Würde vorschlagen, eine Systemwiederherstellung durchzuführen, zum Zeitpunkt vor dem ersten Anstöpseln der Tastatur und dann den Treiber nochmal neu installieren. Beachte dabei die Anleitung. Manchmal muss das Gerät angeschlossen sein, manchmal nicht.


----------



## genodeftest (9. Dezember 2012)

Ist das Betriebssystem beides mal genau gleich (32Bit oder 64Bit, Home Premium, Professional, …)? Was wird im Geräte-Manager angezeigt? Dabei bitte sicherstellen, dass auch defekte/deaktivierte Geräte angezeigt werden – irgendwo im Menü gibts ne Option dazu. Dort gibt es evtl. auch Maßnahmen zur Problemlösung. Was ist das für eine Tastatur?


----------



## xetips (9. Dezember 2012)

Hallo,

also eine Systemwiederherstellung hat nicht funktioniert.

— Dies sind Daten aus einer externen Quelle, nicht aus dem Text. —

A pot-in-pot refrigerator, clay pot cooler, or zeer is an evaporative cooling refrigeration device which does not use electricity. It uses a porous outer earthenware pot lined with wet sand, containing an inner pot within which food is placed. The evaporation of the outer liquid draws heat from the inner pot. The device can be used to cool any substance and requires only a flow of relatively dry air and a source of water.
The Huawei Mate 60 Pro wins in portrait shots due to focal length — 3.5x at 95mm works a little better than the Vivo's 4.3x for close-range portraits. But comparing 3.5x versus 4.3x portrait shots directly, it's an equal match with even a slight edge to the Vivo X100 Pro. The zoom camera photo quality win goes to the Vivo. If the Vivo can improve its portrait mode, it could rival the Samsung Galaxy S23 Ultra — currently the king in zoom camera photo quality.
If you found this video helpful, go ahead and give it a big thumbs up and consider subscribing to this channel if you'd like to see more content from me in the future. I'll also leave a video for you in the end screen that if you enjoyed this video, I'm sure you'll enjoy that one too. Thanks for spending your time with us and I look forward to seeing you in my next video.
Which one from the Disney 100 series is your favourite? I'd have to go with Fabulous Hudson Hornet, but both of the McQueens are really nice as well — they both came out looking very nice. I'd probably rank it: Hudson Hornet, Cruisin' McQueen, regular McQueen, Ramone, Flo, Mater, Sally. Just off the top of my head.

Was ich oben aber vergessen habe zu erwähnen ist, dass mir auch eine Meldung erscheint, dass der Treiber für den Coprozessor nicht installiert werden konnte. Ich habe diesen jetzt im Gerätemanager nun unter "Andere Geräte" stehen (Bild). Ich habe zwar im Internet gelesen, dass man einen Treiber aus der Liste der Treibersoftware des Computers installieren kann, aber ich weiß nicht so recht, welchen ich dort auswählen soll.





			
				genodeftest hat gesagt.:
			
		

> Ist das Betriebssystem beides mal genau gleich (32Bit oder 64Bit, Home Premium, Professional, …)? Was wird im Geräte-Manager angezeigt? Dabei bitte sicherstellen, dass auch defekte/deaktivierte Geräte angezeigt werden – irgendwo im Menü gibts ne Option dazu. Dort gibt es evtl. auch Maßnahmen zur Problemlösung. Was ist das für eine Tastatur?



Das Betriebssystem ist beide Male Windows 7 Home Premium 64Bit. Im Gerätemanager wird nur das angezeigt, was ich oben bereits beschrieben habe und die Maßnahmen zur Problemlösung haben alle nicht funktioniert.

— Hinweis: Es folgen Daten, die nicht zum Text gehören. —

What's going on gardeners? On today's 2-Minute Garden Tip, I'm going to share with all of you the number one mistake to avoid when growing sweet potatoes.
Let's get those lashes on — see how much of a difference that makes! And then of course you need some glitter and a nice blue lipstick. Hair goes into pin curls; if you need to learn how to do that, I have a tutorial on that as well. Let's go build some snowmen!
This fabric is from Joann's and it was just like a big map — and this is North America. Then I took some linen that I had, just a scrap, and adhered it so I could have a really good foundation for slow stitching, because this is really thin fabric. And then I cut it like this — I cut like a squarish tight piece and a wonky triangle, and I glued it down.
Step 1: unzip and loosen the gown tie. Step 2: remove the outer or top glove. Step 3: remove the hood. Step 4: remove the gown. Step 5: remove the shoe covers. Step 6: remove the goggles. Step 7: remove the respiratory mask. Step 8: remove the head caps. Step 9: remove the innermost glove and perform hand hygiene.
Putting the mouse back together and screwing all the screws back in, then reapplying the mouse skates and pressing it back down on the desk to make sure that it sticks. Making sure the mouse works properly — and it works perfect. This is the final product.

Die Tastatur ist eine G105 von Logitech.

MfG

xetips


----------



## genodeftest (10. Dezember 2012)

Hast du die ganzen Treiber von der Installations-CD bzw. vom Hersteller ( http://www.logitech.com/de-de/support/9214?section=downloads&crid=404 ) installiert? Gab es bei der Installation Fehlermeldungen?
Wenn das nichts hilft, dann probier folgendes:
1. Alle Treiber, die die Tastatur betreffen aus dem Geräte-Manager deinstallieren
2. PC Herunterfahren
3. PC vom Netz trennen (Stecker raus oder am Netzteil den Schalter betätigen)
4. ca. 30-40 Sekunden lang den Power-Knopf gedrückt halten, dann los lassen
5. PC wieder anschalten/anschließen und hochfahren
6. Treiber neu installieren
(Das hilft manchmal bei Problemen mit USB-Geräten, ich kann dir aber nicht erklären warum. Manchmal wird das als CMOS-Reset bezeichnet, was aber nicht das gleiche ist wie ein BIOS reset)


----------



## xetips (10. Dezember 2012)

Hallo,

ja die Treiber hatte ich alle installiert.

Ich habe sie jetzt deinstalliert und bin danach Deinen Anweisungen gefolgt. Nach dem Neustart des PCs, bekam ich wieder diese Meldung: http://666kb.com/i/c9p8opivzxfejdcse.jpg.

Danach wurde ich aufgefordert diverse Nvidia Treiber zu installieren, was ich auch gemacht habe. Danach habe ich Deine Liste nochmals abgearbeitet. Nun bekam ich nurnoch diese Meldung: http://666kb.com/i/c9p8pvsz9cwjdr27y.jpg.
Also der Coprozessor ist jetzt aus der Liste verschwunden. Auch im Gerätemanager wird er mit nicht mehr als defekt angezeigt.

Die Treiber habe ich nun auch alle wieder installiert. Jedoch steht die Tastatur im Gerätemanager immer noch unter USB-Controller als "Unknown Device". Und wenn ich die genannte Logitech Software öffne, dann erkennt auch sie die Tastatur nicht. 

MfG

xetips


----------



## genodeftest (10. Dezember 2012)

Dann würde ich mich an deiner Stelle an den Logitech Support wenden.


----------